Posted:
00:51:52 on May 18
By: Steve Krutzler
Dept: Review Voyager
Reviews Ex Deus
Written for TrekWeb.COM by 'O. Deus'.
Horror is the dark side of imagination and while Star Trek has a pretty
good track record with imagination, it has a pretty weak one with horror.
Original series episodes featuring witches and salt monsters were
unintentionally funny. The Next Generation with its vast sterile sets and
long space hospital corridors which had an eerie haunted hotel look ala The
Shining, was long on unusual camera angles and filters and low on story and
content. DS9 for all its gritty look and people possessed by glowing red-eyed demons never made a serious horror entry after the first season.

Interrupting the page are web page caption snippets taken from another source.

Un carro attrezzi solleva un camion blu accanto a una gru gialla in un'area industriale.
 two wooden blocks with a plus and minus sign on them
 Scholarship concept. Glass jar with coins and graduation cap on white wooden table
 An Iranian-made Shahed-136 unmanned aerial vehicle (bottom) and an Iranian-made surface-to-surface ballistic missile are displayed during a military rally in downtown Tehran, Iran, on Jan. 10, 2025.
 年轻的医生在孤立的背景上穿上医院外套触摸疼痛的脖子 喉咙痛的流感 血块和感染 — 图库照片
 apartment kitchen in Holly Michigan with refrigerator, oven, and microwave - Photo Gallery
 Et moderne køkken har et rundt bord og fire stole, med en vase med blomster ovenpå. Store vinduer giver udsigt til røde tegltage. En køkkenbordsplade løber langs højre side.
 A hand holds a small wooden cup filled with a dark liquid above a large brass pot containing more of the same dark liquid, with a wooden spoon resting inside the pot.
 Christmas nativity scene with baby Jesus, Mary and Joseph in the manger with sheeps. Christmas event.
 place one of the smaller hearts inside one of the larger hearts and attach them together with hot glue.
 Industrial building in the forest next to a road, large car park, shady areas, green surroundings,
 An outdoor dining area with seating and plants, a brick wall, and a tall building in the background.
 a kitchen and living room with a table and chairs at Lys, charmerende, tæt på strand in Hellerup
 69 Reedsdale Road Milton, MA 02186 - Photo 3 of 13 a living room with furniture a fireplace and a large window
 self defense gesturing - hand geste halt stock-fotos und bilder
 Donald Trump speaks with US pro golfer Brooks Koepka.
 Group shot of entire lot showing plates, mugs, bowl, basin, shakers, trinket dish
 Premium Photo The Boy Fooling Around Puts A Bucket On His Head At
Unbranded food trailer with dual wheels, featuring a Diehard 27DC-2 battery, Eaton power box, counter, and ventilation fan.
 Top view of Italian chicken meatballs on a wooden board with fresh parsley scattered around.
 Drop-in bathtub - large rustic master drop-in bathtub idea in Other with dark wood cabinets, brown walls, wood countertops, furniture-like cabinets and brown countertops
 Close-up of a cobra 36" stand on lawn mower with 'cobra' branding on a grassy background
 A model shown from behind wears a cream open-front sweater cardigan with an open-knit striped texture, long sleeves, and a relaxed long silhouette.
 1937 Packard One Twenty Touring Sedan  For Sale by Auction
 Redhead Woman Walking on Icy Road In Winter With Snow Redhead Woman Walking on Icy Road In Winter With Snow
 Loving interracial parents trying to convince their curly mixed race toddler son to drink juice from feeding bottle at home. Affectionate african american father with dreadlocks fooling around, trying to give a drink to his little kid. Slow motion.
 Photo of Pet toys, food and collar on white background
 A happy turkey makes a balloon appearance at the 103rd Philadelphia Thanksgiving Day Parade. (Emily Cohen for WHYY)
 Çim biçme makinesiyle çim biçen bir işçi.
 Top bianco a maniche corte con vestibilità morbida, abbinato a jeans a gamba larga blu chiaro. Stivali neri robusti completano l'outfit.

Voyager with its own organ stealing aliens, a demonic clown, and the Doctor
stalking Kes equipped with a set of bad false teeth did its best and had no
shortage of genuinely disturbing moments but never managed to turn them into
an entire episode.
By contrast "The Haunting of Deck Twelve" which references the Shirley
Jackson novel in the title but actually seems more inspired by the
disappointing horror movie loosely based on the novel and the episode itself
shows that it has learned both from the failure of that movie and the
franchise's failed previous attempts at horror and melds the material with
more than a slight touch of comedy, alien encounter and yet another in-depth
look at Voyager's modus operandi. The origin of Haunting can really be found in
a scene from an earlier Voyager episode "Dragon's Teeth" that has Neelix
researching ancient fairy tales with gruesome titles while the cooking fire
burns in the foreground. While that scene was a minor moment in "Dragon's
Teeth", Haunting centers the entire episode around it. If Haunting could be
summed up in one sentence it is really this scene of Neelix letting his
imagination run wild in the deserted mess hall while the fire burns... and
having his nightmares come true.
Neelix has always been of questionable use on Voyager. He has many jobs
but few of them are really vital in a crisis and so what is he assigned to
do in a dangerous situation but babysit children. While unseen to us, Voyager
resolves a still potentially dangerous situation, and Neelix is sent to go and
make sure the children aren't frightened by the darkness and the unexplained
shutdown. The problem is that Neelix himself is frightened and in a short
time his fear translates into a scary story he starts telling the children,
a story that happens to be true. Here Voyager again returns to its common
theme of highlighting the story within the Voyager story. Where "Muse"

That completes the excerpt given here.